Face it, NATO and its allies would have labelled Jesus Christ the Butcher of Damascus if this had suited their agenda of forced regime change in Syria.
Anyone who saw the vilification of Alex Salmond during the run-up to the referendum on Scottish Independence, or of Corbyn during the British Labour leadership campaign, by ‘responsible organs of the Press’, must have come to full realisation of how totally unbridled, how totally unprincipled, the Establishment and its mouthpieces can be once they declare war.

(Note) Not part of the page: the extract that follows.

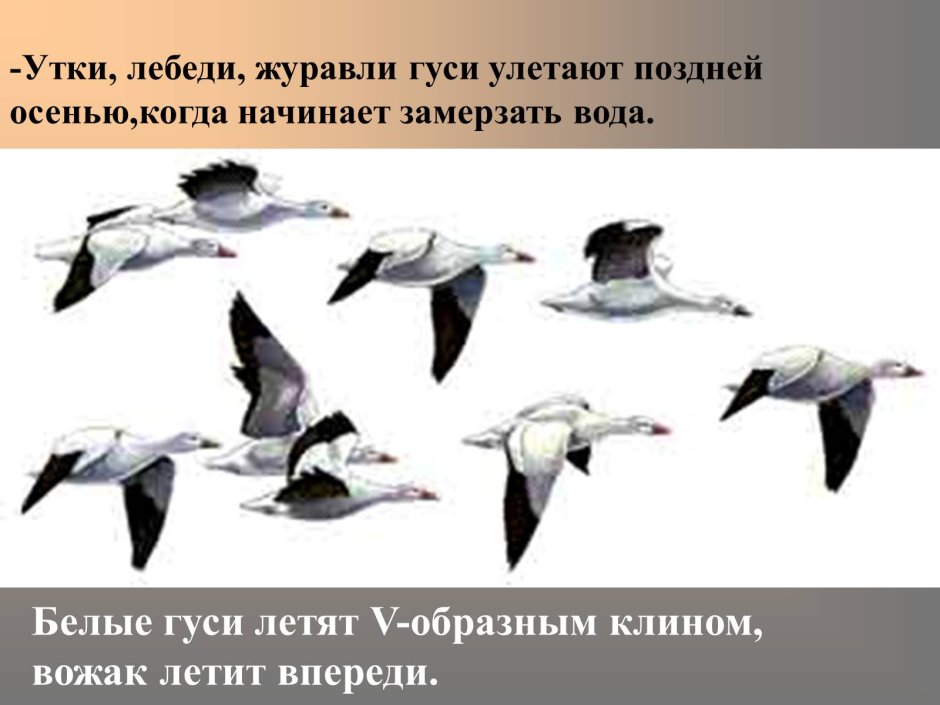 Когда улетают лебеди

The Establishment has been demonising popular leaders who threaten its hegemony for centuries. If you believe Bashar al Assad evil, purely on the claims of the Establishment and its press, then you probably accept that Joan of Arc was a witch, Bonny Dundee was depraved, Napoleon ate babies, Ares Velouchiotis was a sick sadist, Arthur Scargill was corrupt, Alex Salmond is the new Ghengis Khan, and Jeremy Corbyn everything thrown at him last year. (I’m guessing the traditional view of Richard III is suspect as well…)

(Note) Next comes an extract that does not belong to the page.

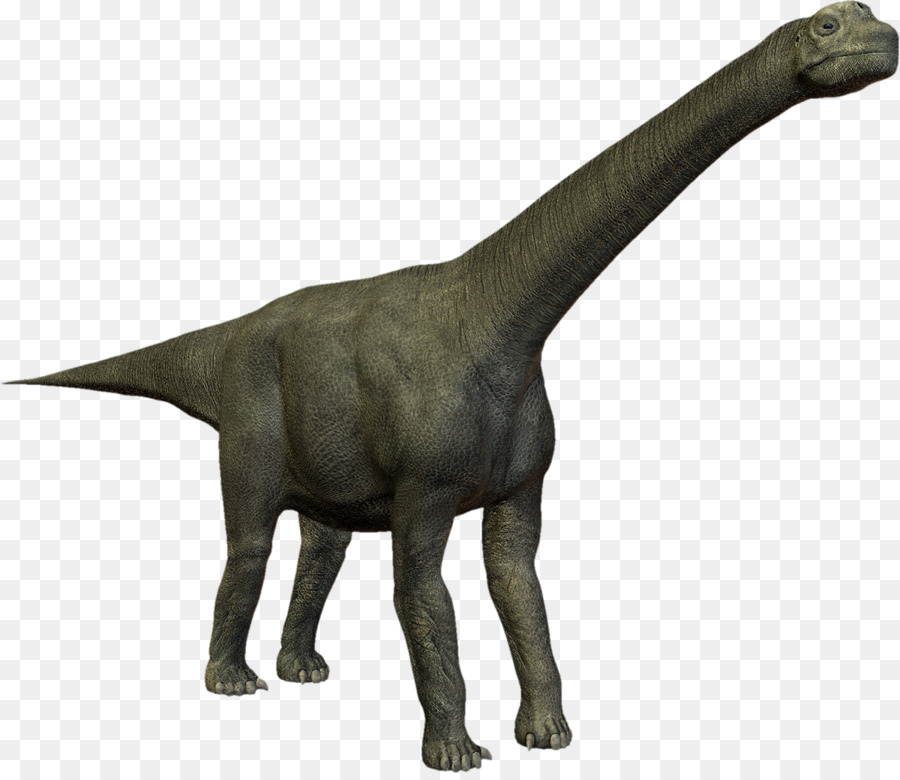 Dinossauro，Uma Vez PNG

In the case of Bashar al Assad, the accusations range from gassing his own people (long disproved), to the frankly batty one of being responsible for 90% of the deaths in Syria (even though almost half of all deaths have been soldiers from the Syrian Arab Army – presumably Assad has been killing his own soldiers …). The hollowness of the accusations has been well documented.
The attack on al Assad is reinforced by creating an equivalence between all secular leaders in the Middle East – they are, or were, defined without exception as evil dictators. George Galloway jubilantly declared his support for the Arab Spring in a strongly worded critique of Gaddafi in a radio broadcast in February 2011. ‘I have been waiting for these Arab dictatorships to fall, and it appears that one after the other they are falling, Tunisia, Egypt, Libya’ – Galloway clearly does not see Iraq as part of the pattern.